Yoink is the macOS Shelf Utility I Want on iOS Too
BY JOHN VOORHEES of MacStories
At WWDC, I was disappointed that the iOS 11 announcements didn’t include a shelf where content can be temporarily parked. When Federico and Sam Beckett made an iOS 11 concept video earlier this year they included a shelf, which felt like a natural way to make touch-based drag and drop simpler. I found the omission in the iOS 11 beta somewhat surprising. On the Mac, people use the Desktop as a temporary place to stash items all the time, and without a Desktop on iOS, a shelf that slides in from the edge of the screen seemed like a natural solution. In fact, it’s a solution that has an even more direct analog than the Desktop on macOS that makes a solid case for implementing something similar on iOS: Yoink, from Eternal Storms Software.
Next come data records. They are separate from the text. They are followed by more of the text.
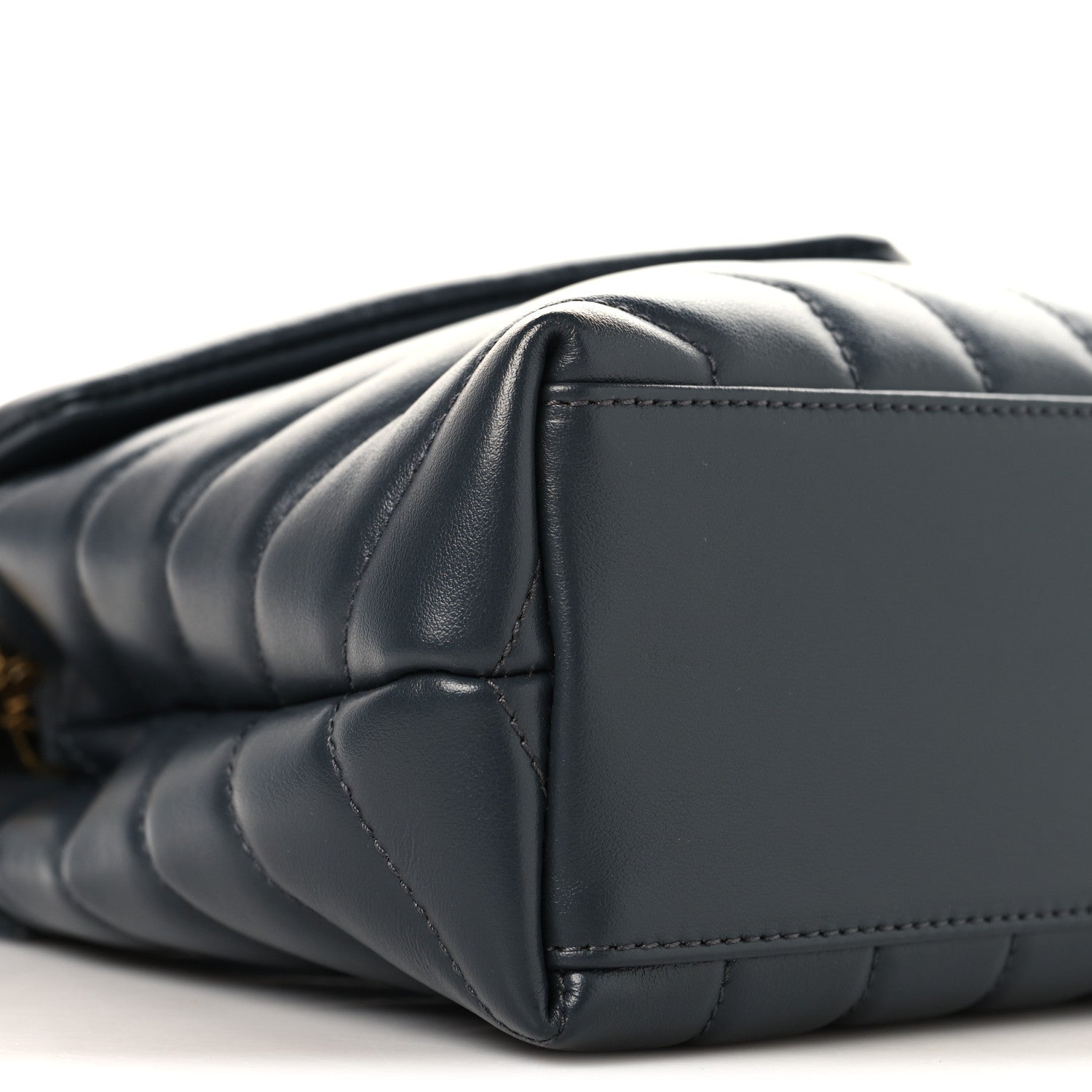 Saint Laurent quilted leather satchel side view with gold chain strap, dark blue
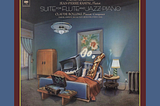 Album cover for Claude Bolling’s “Suite for Flute and Jazz Piano” showing a flute blowing smoke rings from a cigarette while lying in bed with an exhausted piano.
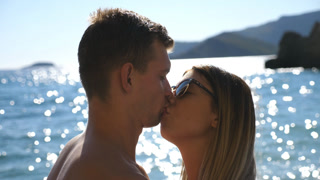 Close up of young couple kissing near seashore on sunny day. Beautiful pair spending time together on summer vacation. Sun light reflection at the sea water surface at background. Concept of loving.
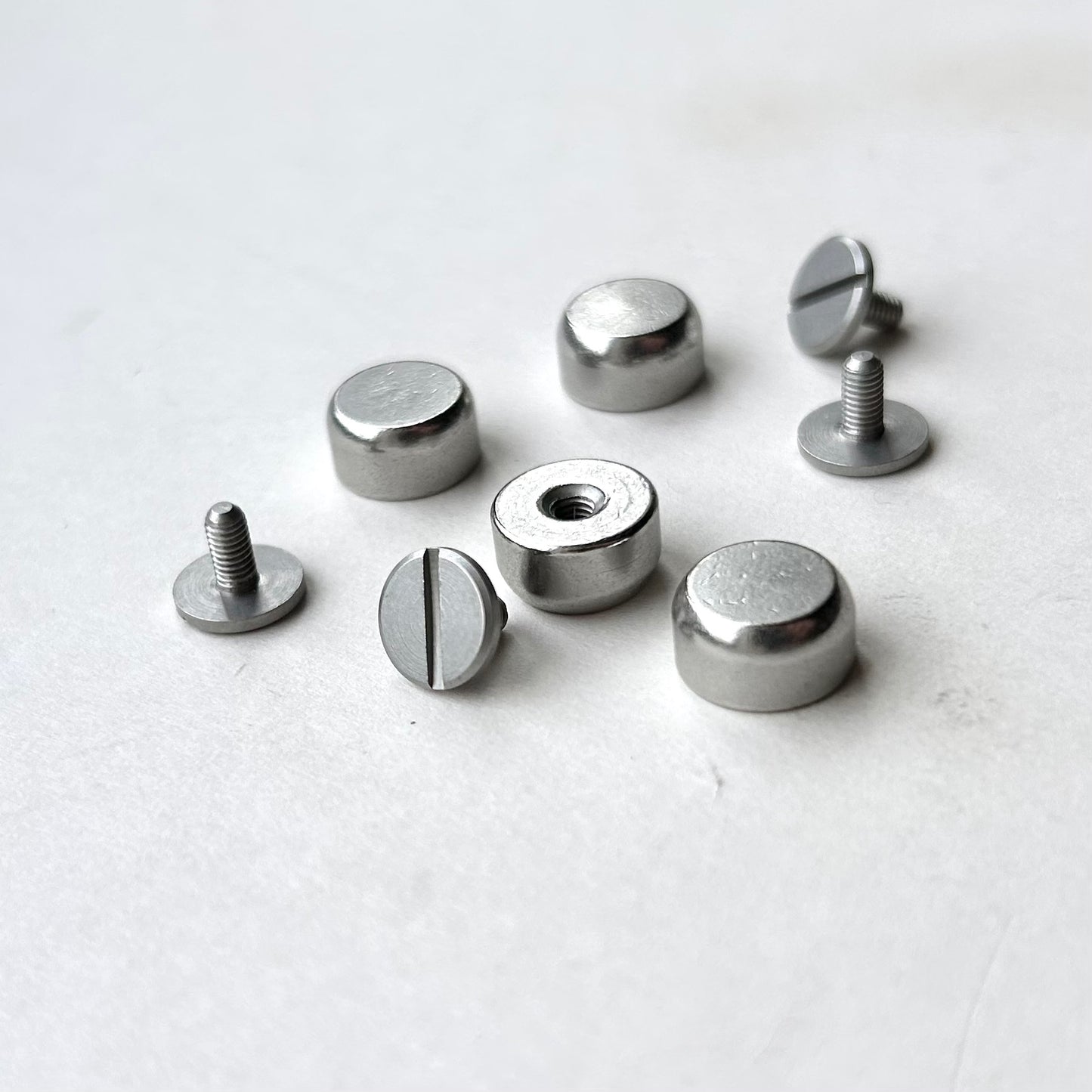 Set of metal screw bag feet in silver on a white background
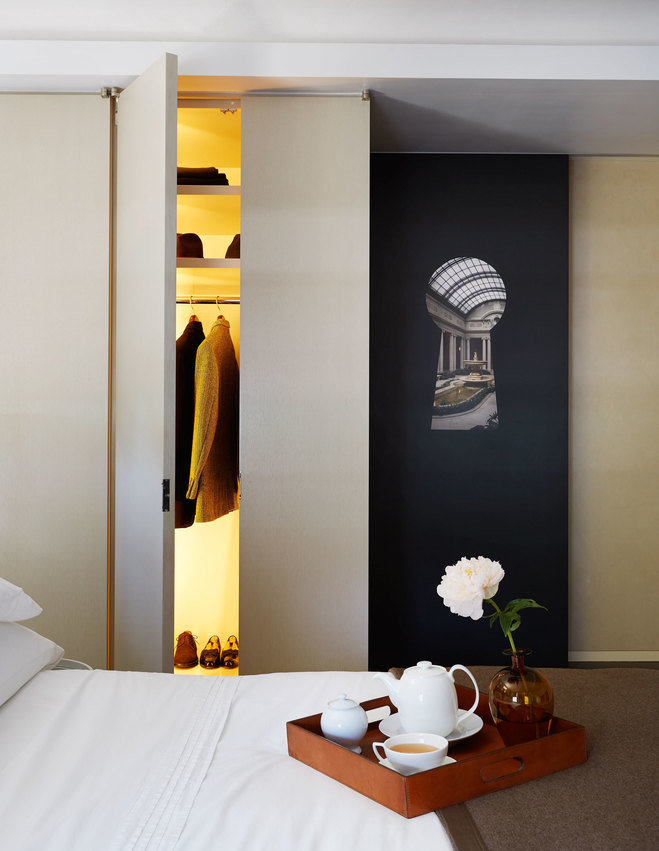 Bed in foreground with wooden tray holding a white tea set; beige wood closet door open and keyhole artwork on black wall.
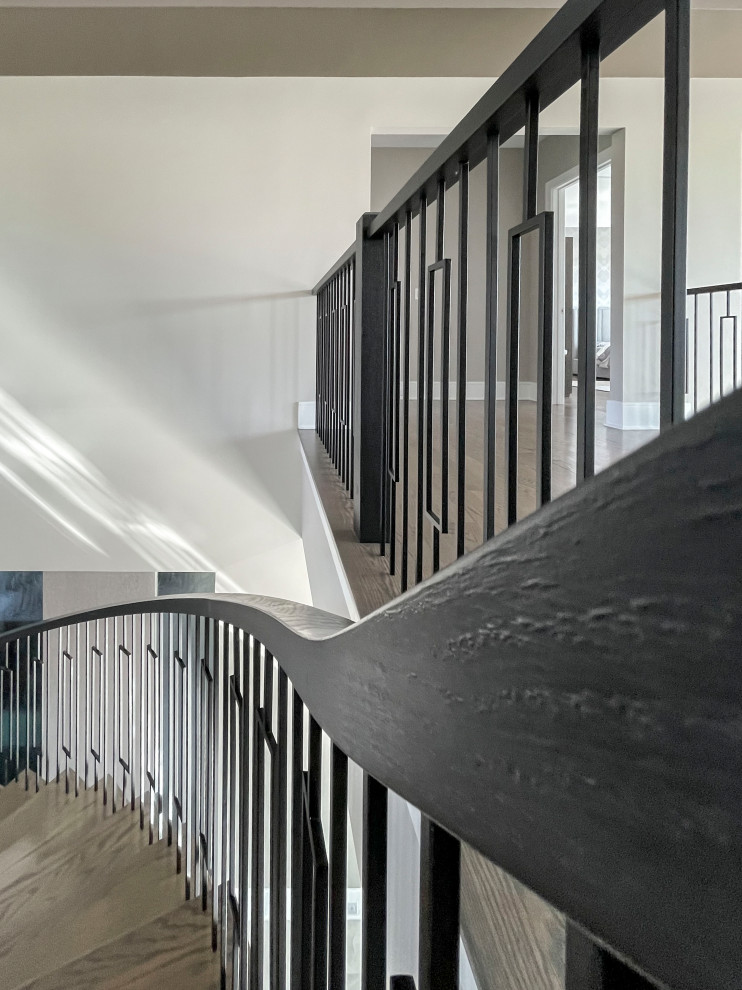 Exemple d'un très grand escalier peint courbe chic avec des marches en bois, un garde-corps en matériaux mixtes et du papier peint.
Yoink, is one of my favorite macOS utilities that sits just out of sight until I start to drag something. There are many days when I have a bunch of apps open across at least a few different Spaces. If I need to send a file1 to someone in Slack or attach it to an email message, those apps may be buried under several layers of windows, in a different Space, or may not be open at all. Instead of starting a drag and using Alt+Tab to find the app to drop a file into if it’s even open, I can drop it onto Yoink as a temporary resting spot until I find the destination for which I’m looking. This is especially useful when I’m using an email client and haven’t begun composing a new message yet.
As soon as I start dragging a file, Yoink fades into view. I have it docked to the middle of the right edge of my screen, but it can be anchored to the left edge too. You can also customize when Yoink appears. Instead of showing up as soon as a drag starts, you can set Yoink to wait until your drag approaches the side of the screen where it’s docked. You can even have a little Yoink window show up near your cursor as soon as the drag starts to minimize how far you need to move the file. As soon as you drop the file on the Yoink drop point, it re-attaches itself to the side of your screen.
Once a file is sitting on Yoink’s shelf, you can pin it there. I’ve begun doing this with a few files I need throughout the day when I’m working with MacStories and AppStories sponsors. After I pin the file, I can drag it out of Yoink and into an email message as many times as I want, which is faster than digging back through layers of folders in the Finder. If I don’t want to see it sitting there in Yoink on the edge of my screen all day, I press F5, which hides the Yoink window until I toggle it again.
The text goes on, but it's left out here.